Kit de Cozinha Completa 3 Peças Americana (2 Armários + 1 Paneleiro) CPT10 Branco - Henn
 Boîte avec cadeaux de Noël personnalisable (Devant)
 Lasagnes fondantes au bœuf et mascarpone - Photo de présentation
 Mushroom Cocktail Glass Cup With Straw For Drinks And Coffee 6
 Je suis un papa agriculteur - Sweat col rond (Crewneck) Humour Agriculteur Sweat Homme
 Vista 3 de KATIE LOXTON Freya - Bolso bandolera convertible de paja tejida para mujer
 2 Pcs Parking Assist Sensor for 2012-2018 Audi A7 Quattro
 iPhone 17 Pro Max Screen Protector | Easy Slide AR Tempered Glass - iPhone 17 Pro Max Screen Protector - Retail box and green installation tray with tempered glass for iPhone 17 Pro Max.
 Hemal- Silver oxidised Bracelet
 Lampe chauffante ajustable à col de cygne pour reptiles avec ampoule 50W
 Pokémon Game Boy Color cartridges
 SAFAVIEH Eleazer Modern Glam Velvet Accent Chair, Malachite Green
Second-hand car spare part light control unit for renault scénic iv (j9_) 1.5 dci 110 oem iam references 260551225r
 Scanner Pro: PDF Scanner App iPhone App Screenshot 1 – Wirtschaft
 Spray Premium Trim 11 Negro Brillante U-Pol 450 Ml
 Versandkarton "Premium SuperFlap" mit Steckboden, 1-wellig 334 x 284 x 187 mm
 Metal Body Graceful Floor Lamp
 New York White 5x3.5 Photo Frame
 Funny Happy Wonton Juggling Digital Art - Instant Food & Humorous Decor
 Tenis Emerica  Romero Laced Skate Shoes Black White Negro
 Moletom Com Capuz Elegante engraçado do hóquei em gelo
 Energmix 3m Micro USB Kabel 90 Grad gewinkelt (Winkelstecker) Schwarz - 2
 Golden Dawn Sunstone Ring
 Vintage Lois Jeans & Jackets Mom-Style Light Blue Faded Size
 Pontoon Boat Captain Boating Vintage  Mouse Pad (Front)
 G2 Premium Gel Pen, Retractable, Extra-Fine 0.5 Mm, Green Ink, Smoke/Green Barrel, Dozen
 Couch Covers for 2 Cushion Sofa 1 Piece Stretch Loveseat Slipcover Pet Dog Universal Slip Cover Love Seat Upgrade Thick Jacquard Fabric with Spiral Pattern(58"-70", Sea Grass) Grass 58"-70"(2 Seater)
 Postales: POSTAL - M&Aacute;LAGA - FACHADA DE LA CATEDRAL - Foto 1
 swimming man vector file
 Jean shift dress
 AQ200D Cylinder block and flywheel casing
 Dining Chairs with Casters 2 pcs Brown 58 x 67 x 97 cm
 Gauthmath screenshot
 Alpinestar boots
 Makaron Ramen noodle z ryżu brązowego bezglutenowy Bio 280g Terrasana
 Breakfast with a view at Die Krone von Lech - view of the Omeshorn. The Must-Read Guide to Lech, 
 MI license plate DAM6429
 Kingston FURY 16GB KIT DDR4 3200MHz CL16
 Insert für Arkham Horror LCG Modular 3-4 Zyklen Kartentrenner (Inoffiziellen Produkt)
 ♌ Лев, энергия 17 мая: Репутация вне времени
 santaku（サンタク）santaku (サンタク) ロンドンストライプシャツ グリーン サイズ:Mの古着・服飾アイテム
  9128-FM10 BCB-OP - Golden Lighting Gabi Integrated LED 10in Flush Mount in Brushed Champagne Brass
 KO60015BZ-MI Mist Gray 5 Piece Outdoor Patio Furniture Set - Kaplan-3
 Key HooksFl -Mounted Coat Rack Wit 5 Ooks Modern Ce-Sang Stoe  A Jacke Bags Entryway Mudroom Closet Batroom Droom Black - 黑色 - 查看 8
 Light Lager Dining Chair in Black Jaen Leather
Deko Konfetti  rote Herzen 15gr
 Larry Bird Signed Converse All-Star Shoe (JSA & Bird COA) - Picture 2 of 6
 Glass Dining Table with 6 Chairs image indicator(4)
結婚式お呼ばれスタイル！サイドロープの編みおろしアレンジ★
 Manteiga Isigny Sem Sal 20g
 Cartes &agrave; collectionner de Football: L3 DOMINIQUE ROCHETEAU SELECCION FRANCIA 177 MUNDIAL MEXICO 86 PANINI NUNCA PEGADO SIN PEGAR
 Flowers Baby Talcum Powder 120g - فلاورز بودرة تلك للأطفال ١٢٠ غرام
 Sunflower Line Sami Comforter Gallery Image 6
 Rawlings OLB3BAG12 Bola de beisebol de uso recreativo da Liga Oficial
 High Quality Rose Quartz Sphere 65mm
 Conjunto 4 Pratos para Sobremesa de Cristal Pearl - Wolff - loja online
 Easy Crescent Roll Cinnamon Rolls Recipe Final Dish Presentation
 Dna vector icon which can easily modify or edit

• • •

_YOUR ASSIGNMENT_: Output exactly one stretch of the listing: from the line containing "Je suis un papa" through the line containing "Lampe chauffante ajustable", both end lines included.

_ANSWER SPACE_:
 Je suis un papa agriculteur - Sweat col rond (Crewneck) Humour Agriculteur Sweat Homme
 Vista 3 de KATIE LOXTON Freya - Bolso bandolera convertible de paja tejida para mujer
 2 Pcs Parking Assist Sensor for 2012-2018 Audi A7 Quattro
 iPhone 17 Pro Max Screen Protector | Easy Slide AR Tempered Glass - iPhone 17 Pro Max Screen Protector - Retail box and green installation tray with tempered glass for iPhone 17 Pro Max.
 Hemal- Silver oxidised Bracelet
 Lampe chauffante ajustable à col de cygne pour reptiles avec ampoule 50W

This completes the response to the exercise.